Rebecca Solnit is many things - a storyteller, a philosopher, a cultural historian, a journalist and a political activist.  But she’s also a wanderer, and since I am too it seems pertinent today to write about her book “A Field Guide to Getting Lost.”

Firstly, let me say that I didn’t go out and buy this book myself; it was a gift from a close friend of mine.  And, honestly, the first time I read it, I really struggled with it - it seemed all over the place to me, a jumble of ideas, too rambling, too unstructured.  Why had he bought me this, I asked myself?  Of course, on second read, I now realise it’s precisely those qualities that make the book so fascinating. and why he'd had me in mind when he made the purchase!

“A Field Guide” is a series of essays about getting lost…and finding ourselves.  Highly personal, rather anecdotal and full of quotes (some so clever, I actually took the trouble to jot them down in my favourite notebook), she writes of European explorers who wandered in New Mexico, tales of the desert, Hitchcock’s ‘vVertigo’ and the colour blue.  Here’s something (not a quote, it's her talking) that, for whatever reason, really stayed with me:

“The question, then, is how to get lost.  Never to get lost is not to live, not to know how to get lost brings you to destruction and somewhere in the terra incognito in between lies a life of discovery.”

Received wisdom, of course, points to getting lost as something negative - which Solnit disagrees with entirely.  In fact, I’d say her premise is that we haven’t really lived until we have lost ourselves - her eclectic stories of an immigrant grandmother, life in the desert, memory and mapmaking bring that home.  And this, indeed, is poetic prose…even if, as I said before, it is a rather rambling.

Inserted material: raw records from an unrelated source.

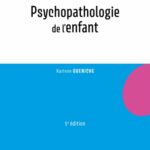 psychopathologie-de-lenfant-9782100860555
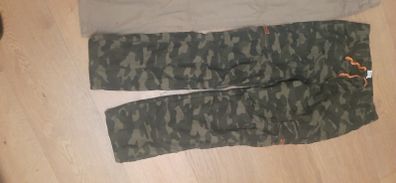 boys trousers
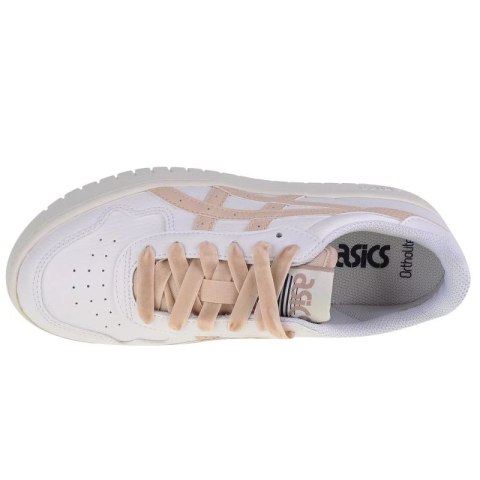 Buty Asics 0Japan S PF W 1202A426-100 Asics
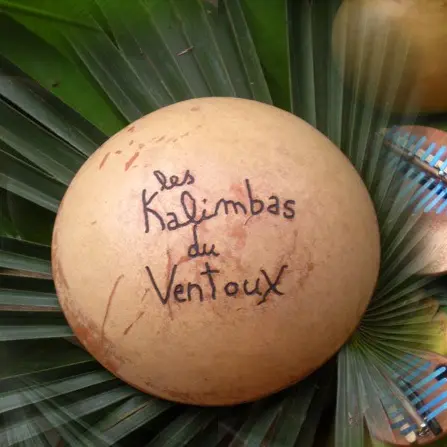 Les Kalimbas du Ventoux_Villes-sur-Auzon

In her essays, I think the point Solnit is trying to make (and does so rather well) is that however self-confident we think we are, it’s inevitable that we ‘lose’ ourselves as the years pass (since changing with time is a fact of life).  we change over time).  Again and again, she also touches on the theme of uncertainty -  reminding us that it’s ok not to know…to be unsure…to have no clear answers.

In conclusion, “A Field Guide to Getting Lost” will give you pause for thought, and quite possibly help you reflect on some some of life’s bigger questions, including how we cope with loss, and also how we create new connections to places (and people).  Solnit’s book is a series of musings, wonderfully philosophical, with an ever-haunting refrain - that sometimes we need to wander off the path, in order to find something within ourselves that we never knew existed.